Nell’Ideologia Tedesca Marx vuole dimostrare, fondamentalmente, che la filosofia, come anche la religione e in parte la morale, non è altro che ideologia e difatti essa, insiste Marx, non ha storia perché la sola storia reale è quella della vita materiale degli uomini. Ma questa distruzione della filosofia finisce per ricadere in una trappola hegeliana perché come riporta Althusser, e forse senza comprenderne appieno il significato, la scienza manifesterebbe allora

<<il reale stesso, conosciuto attraverso l’atto che lo svela distruggendo le ideologie che lo velano: al primo posto di queste ideologie, la filosofia>>.
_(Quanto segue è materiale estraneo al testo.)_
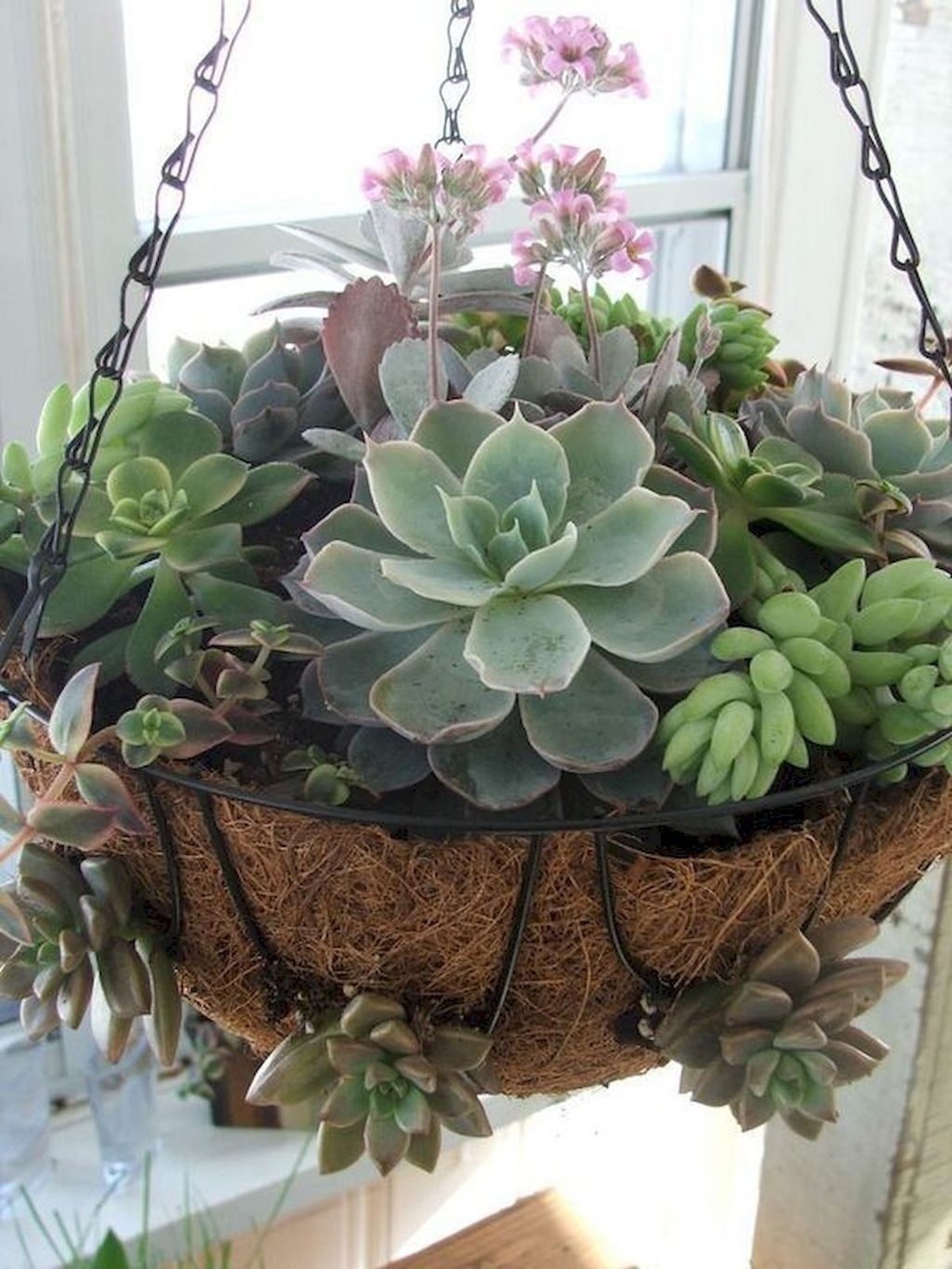 Awesome Succulent Garden Ideas In Your Backyard 53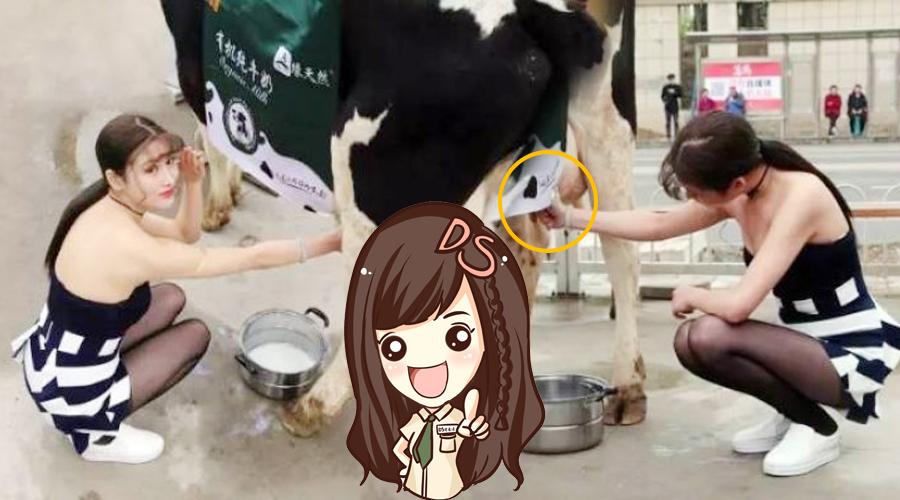 美女现场 挤奶八元一盒供不应求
Il tentativo di una fondazione empiristica della dialettica (Dal Pra) si rovescerebbe così in un procedimento di ricostruzione scientifica della realtà concreta che potrebbe avvicinarsi  asintoticamente alla verità nella misura in cui si dimostrasse effettivamente in grado di smantellare la falsa coscienza e le illusioni delle costruzioni ideologiche. Sarebbe sufficiente lasciare che il processo della presa di coscienza dell’Idea Assoluta non venga interrotto per concepire il  Risultato di questo svolgimento come la verità del mondo mai raggiungibile ma sempre presente come ideale e fine. Ad ogni modo Althusser non sbaglia quando vede la filosofia come un processo che non ha né storia né oggetto. Da una parte essa può, comunque, aiutare le scienze positive a riflettere criticamente sulle problematiche metodologiche che di volta in volta ne ostacolano lo sviluppo (epistemologia), dall’altra diviene oggetto di smascheramento, in quanto ideologica in senso “negativo”, mentre “positivamente” può diventare un’ arma per il conflitto politico nel campo di battaglia delle idee e quindi della pratica teorica nella misura in cui viene assimilata e condivisa da gruppi di attori sociali in lotta per la preminenza. L’assunto materialista, che Lenin sapeva essere indimostrabile e quindi sostanzialmente metafisico serve, al di là delle considerazioni che abbiamo anticipato sopra a dare un senso alla verifica e/o falsificazione a cui le teorie che si occupano della storia e della società devono essere sottoposte. La prassi e la poiesi (produzione) trovano un “ostacolo” nelle forze sociali e naturali a cui si contrappongono; la materialità introduce l’inerzia e l’attrito a cui le forme sociali e naturali  si trovano contrapposte ma soprattutto dà a queste medesime forme l’autonomia necessaria per diventare una forza indipendente dalla coscienza soggettiva degli individui. Ma, infine, qualcuno può anche obiettare che la filosofia è probabilmente la più necessaria tra tutte le cose inutili in quanto dà sfogo all’inquietudine che anima gli uomini e che quasi costantemente li obbliga a non accontentarsi di un mero conferimento di senso (Sinngebung) soggettivo stimolandoli a porsi la domanda su un possibile significato, in qualche modo “oggettivo”,  del mondo. Ci spinge a ciò l’angoscia inevitabile per chi, dotato di una coscienza pensante, comprende come possibilità più propria della propria esistenza l’essere nel mondo come essere-per-la-morte.